Finis les votes annuels pour l’octroi d’un budget à untel ou la possibilité que le conseil municipal y mette fin avec une simple résolution. Mardi soir, les élus de cette ville de la couronne nord de Montréal voteront pour enchâsser le BIPA dans les règlements municipaux. 

«À partir de la mise en place du règlement, le BIPA aura un pouvoir clairement défini et un budget stable et récurrent. On n’aura donc pas à craindre, d’une année à l’autre, que le budget chute. Nos pouvoirs seront aussi plus clairement définis», explique la porte-parole de l’organisme, Lyne Dunberry. 

M. Duchesneau et son équipe disposeront d’un budget annuel de près de 1 M$, et qui croîtra de façon proportionnelle à celui de la Ville. Il sera aussi officiellement ajouté à l’organigramme du service de police de la municipalité, de qui il relevait déjà. 

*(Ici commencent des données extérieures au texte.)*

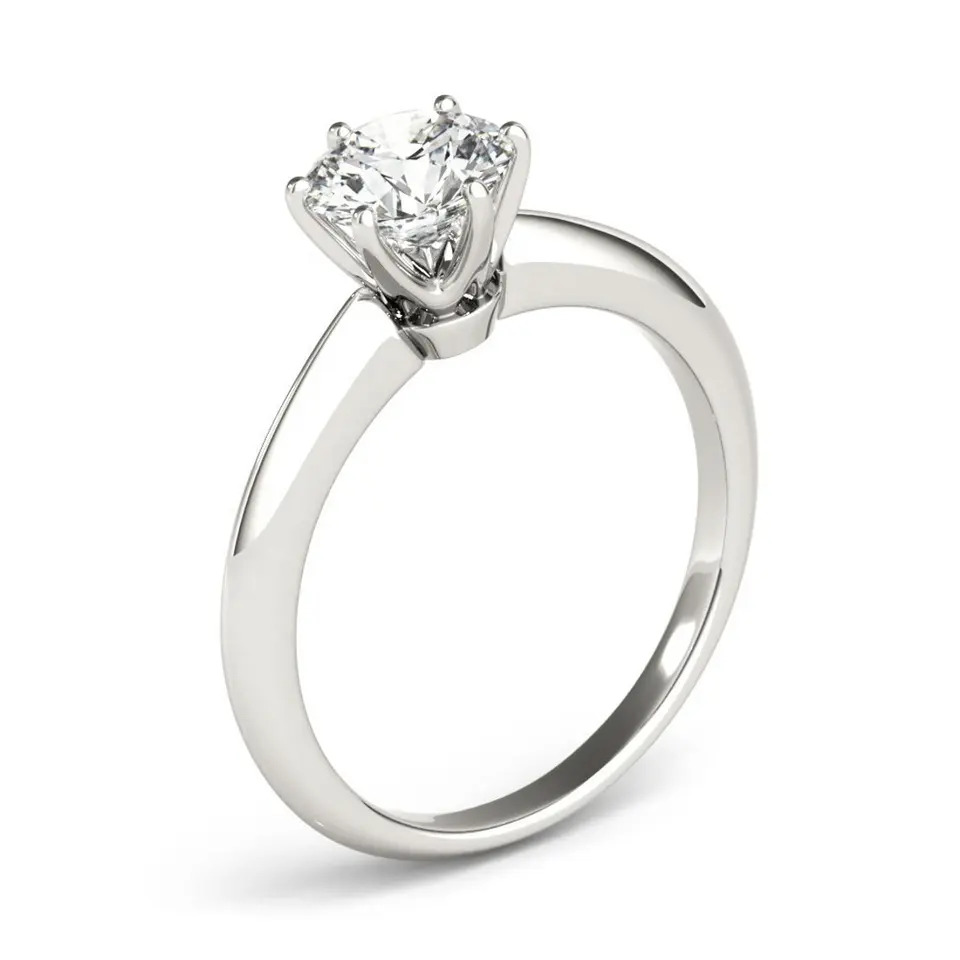 925 Solid Sterling Silver Attractive Moissanite Solitaire Ring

La durée du mandat de tout futur chef du BIPA sera également étendu à cinq ans, avec la possibilité d’être renouvelé une fois. Lors de sa nomination en mars 2017, M. Duchesneau avait reçu un premier mandat de seulement trois ans. 

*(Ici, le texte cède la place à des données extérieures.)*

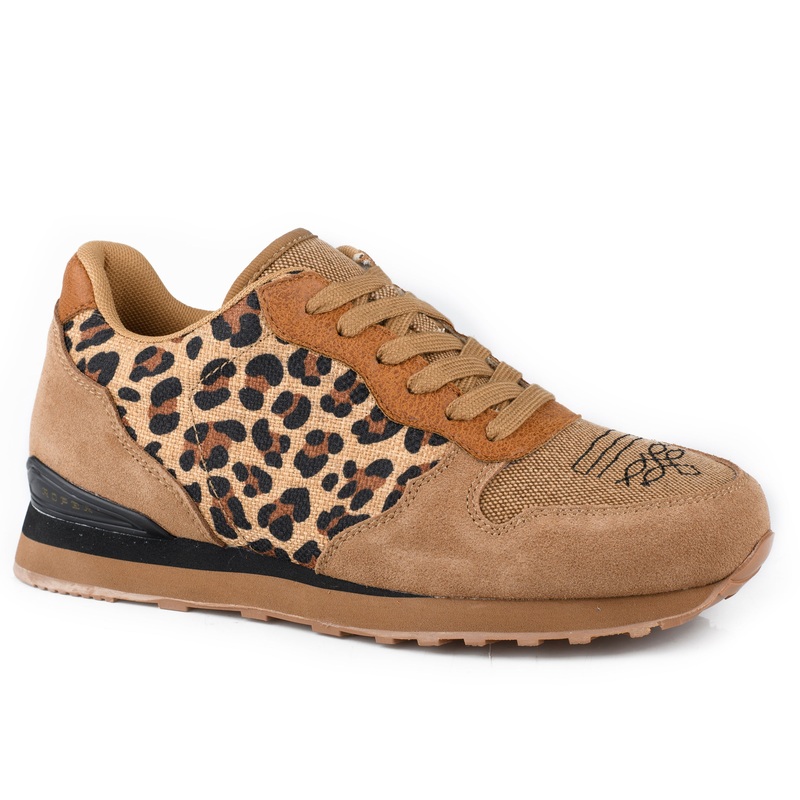 Womens Tan Cow Suede And Leopard Canvas 5 R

Pas d’enquête sur les élus 

Selon le nouveau règlement, le mandat du bureau de M. Duchesneau se concentrera sur la «surveillance de l’octroi et de la gestion de tous les contrats publics», tout en conseillant la Ville sur la manière de récupérer des sommes d’argent perdues dans des cas de fraudes. 

Il n’aura donc pas la responsabilité d’enquêter sur de potentielles dérives éthiques des élus de la Ville, comme demandé par certains conseillers municipaux par le passé. Ce pouvoir repose entre les mains de la Commission municipale du Québec. 

Rappelons que le BIPA a été créé à la suite de reportages du Journal au sujet d’un système de collusion bien rodé à Saint-Jérôme, qui avait permis à quatre firmes de génie-conseil de se partager la majorité des contrats publics entre 2002 et 2010.